For this code to work, you need to have an .Renviron file in your user folder (i.e. U:\\John.Doe.P00002) containing your username and password.

Loading our analytic frame

As we did in the previous notebook, can recreate our analytic frame by using SQL joins to filter the fact table to only include our cohort members.

qry <- "
select f.*
from tr_wi_2023.nb_cohort c 
join tr_wi_2023.wi_mdim_person p on (c.ssn = p.ssn)
join tr_wi_2023.wi_fact_weekly_observation f on (p.person_id = f.person_id)
"

analytic_frame <- dbGetQuery(con, qry)

Visualization

This initial section is quite technically-focused. If you’d like, you can skip to the Density plot subsection.

Recall the structure of traditional ggplot2 syntax:

  • start with the ggplot() statement

  • then, supply a dataset and aesthetic mapping with x pertaining to the variable on the x-axis, and so on, for example: ggplot(dataset, aes(x = ..., y = ...)

  • from there, provide a geometry type for your plot, represented by geom_* to convey the desired type of visualization, for example geom_line will plot a line, geom_point will plot points

  • finally, add additional layers if necessary using +, which we will use to add annotations and other customization to the plot, including adding labels and titles

  • If you like using the other tidyverse packages like dplyr, we can connect our data processing and summary workflow directly to ggplot() using the pipe operator %>%

Density plot

To illustrate the density plot, we will evoke one we created when initially exploring our analytic frame in the Data Model and Record Linkage notebook.

On this plot, the y-axis will show the relative frequencies of cohort members with the corresponding number of weeks of claimed benefits and received benefits in this specific benefit year. Compared to a histogram, the density plot is a smoother representation, referred to as a kernel density.

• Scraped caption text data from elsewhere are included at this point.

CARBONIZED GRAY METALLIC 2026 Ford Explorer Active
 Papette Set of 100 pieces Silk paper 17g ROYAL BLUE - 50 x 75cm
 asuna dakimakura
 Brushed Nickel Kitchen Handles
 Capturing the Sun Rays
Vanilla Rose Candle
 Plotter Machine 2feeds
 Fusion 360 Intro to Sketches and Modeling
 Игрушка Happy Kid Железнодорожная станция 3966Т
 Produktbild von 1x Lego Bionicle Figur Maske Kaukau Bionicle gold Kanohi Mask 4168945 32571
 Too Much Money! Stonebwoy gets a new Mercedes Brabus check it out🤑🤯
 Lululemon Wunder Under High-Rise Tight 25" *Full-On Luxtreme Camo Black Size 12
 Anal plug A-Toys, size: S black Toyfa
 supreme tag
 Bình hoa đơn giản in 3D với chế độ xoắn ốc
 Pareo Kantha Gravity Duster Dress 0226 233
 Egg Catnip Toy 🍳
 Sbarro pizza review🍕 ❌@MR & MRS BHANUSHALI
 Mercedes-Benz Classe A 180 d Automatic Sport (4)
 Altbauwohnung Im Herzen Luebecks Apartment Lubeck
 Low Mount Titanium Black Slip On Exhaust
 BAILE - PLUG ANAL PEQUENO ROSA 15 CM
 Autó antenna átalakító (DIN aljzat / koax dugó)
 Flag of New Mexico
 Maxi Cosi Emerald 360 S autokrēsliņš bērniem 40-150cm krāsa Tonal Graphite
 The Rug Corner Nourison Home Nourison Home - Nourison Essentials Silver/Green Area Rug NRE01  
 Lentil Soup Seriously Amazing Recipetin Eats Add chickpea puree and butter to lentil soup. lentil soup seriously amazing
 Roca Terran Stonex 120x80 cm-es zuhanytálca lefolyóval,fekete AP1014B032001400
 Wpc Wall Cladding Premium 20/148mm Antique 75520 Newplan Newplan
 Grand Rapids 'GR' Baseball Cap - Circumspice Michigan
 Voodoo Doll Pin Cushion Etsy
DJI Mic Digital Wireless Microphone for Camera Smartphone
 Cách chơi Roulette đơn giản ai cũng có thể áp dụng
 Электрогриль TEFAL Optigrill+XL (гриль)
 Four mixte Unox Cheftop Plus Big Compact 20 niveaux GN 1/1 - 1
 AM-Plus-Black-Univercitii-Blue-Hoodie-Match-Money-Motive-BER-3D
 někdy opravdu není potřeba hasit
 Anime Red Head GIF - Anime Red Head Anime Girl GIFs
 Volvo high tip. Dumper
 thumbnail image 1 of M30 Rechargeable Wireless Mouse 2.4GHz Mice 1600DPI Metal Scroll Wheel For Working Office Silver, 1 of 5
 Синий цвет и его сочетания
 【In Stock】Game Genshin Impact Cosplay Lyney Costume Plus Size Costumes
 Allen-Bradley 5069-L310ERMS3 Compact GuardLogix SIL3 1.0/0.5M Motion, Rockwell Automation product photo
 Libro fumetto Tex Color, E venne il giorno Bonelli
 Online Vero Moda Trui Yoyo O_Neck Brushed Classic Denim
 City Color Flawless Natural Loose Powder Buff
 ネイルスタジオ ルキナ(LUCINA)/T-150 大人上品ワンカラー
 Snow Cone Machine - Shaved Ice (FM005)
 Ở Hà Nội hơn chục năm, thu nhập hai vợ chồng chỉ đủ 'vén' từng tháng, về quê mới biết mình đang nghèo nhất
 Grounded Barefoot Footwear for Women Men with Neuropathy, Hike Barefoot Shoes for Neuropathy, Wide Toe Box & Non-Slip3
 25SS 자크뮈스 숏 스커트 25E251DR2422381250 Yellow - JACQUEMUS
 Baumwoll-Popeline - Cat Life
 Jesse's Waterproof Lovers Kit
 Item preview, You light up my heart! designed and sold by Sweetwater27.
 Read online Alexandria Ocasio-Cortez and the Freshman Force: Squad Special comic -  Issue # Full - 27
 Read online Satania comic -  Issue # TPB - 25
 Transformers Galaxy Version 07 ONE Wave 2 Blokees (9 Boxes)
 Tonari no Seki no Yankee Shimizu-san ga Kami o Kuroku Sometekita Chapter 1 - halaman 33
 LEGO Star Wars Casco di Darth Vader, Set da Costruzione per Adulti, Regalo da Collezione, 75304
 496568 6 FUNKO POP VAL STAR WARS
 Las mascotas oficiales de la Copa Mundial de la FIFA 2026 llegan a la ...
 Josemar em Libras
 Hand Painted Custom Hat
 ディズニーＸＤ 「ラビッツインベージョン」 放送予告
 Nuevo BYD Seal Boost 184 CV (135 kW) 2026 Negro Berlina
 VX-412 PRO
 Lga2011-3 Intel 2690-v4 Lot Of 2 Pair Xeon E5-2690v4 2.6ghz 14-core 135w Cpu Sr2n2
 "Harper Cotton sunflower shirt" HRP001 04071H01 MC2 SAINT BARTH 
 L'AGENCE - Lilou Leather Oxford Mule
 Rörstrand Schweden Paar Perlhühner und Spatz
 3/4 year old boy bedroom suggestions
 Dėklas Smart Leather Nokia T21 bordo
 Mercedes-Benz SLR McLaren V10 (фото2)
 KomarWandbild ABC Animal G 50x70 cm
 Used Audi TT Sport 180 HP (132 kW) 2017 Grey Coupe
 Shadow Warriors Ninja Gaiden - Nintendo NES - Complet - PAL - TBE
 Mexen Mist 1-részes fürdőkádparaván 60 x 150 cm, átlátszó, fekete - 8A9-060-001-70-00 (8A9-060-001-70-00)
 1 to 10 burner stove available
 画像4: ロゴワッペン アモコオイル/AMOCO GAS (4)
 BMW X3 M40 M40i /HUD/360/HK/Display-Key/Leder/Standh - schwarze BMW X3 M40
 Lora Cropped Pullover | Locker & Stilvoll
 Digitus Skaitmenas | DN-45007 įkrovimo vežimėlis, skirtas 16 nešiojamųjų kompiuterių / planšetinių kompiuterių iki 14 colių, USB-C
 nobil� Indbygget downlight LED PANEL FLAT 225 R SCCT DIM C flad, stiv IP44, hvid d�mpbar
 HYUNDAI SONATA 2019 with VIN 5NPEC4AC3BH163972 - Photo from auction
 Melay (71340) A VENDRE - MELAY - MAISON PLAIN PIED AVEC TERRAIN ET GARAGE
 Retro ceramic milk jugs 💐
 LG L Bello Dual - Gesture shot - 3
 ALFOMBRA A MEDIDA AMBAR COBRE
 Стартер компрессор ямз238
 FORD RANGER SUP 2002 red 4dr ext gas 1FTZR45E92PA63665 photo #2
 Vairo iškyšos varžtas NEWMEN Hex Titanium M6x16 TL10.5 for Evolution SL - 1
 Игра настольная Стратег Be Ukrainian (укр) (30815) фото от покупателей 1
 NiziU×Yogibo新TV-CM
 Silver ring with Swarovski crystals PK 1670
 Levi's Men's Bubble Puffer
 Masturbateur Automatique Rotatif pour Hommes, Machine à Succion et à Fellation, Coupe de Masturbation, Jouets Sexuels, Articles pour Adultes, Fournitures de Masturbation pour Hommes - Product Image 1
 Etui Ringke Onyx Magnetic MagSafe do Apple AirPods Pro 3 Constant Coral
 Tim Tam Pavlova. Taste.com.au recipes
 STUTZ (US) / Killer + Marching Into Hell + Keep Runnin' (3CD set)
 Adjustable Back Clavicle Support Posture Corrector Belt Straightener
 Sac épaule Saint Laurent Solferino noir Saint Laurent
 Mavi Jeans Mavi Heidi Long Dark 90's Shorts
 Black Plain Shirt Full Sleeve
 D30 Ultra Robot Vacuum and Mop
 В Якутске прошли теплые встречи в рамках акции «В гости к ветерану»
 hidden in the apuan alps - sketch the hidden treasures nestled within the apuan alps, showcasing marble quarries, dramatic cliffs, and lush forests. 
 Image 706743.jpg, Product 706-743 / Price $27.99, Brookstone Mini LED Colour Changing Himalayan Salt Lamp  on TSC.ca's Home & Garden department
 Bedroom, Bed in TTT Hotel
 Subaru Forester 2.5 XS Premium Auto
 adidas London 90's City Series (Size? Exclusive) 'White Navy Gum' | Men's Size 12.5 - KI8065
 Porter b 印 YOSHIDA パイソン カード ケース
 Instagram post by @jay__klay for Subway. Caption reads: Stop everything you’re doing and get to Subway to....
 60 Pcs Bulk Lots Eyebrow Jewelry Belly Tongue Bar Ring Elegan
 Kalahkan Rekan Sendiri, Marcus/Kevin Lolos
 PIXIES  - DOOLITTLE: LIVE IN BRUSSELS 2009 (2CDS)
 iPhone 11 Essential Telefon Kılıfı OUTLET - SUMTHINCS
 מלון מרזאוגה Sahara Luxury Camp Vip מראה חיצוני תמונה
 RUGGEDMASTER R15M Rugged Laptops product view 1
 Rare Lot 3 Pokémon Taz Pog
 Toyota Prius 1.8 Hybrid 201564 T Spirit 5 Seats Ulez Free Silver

Recall the initial code we wrote, where one argument in geom_density() was used to differentiate the overlapping plots:

plot_data <- analytic_frame %>%
  filter(benefit_yr_start == "2022-03-20") %>%
  group_by(person_id) %>%
  summarize(
    n_weeks_claimed = sum(benefit_claimed == "Y"),
    n_weeks_received = sum(normal_benefit_received == "Y")
  ) %>%
  ungroup() 

# make longer for ease in legend creation in ggplot
plot_data %>%
  pivot_longer(
    cols = starts_with("n"),
    names_to = "stat",
    values_to = "weeks"
  ) %>%
  ggplot(aes(x=weeks, fill=stat)) +
    geom_density(alpha = .25) # alpha changes transparency

Depending on the features you hope your audience focuses, the choice of overlapping densities may not be the wisest decision. Although it may be helpful in explaining the relative differences in distributions for weeks claimed compared to weeks received, it may be difficult to glean much else, such as the distribution of weeks received for this particular cohort in a specific benefit year.

In that case, we may opt for a simpler initial plot:

plot_data %>%
  ggplot(aes(x=n_weeks_received)) +
  geom_density()

We can further modify our base plot to include more informational elements, like titles, labels, and other annotations. TO begin, we will specify the following:

  1. Plot title: We want a simple statement that conveys the major takeaway(s) of the graph.

  2. Axis labels: To further allow our audience to understand what is being plotted, we will provide well-formatted labels for our axes.

  3. Data source annotation: Providing clear reference and source of the underlying data used for the visualization can increase the credibility and enable the reproducibility of your results. Additionally, if you want, you can also identify the analyst responsible for creating the majestic data visualization.

A handy way to easily modify a plot is to first create a ggplot object from our base plot before adding layers to it.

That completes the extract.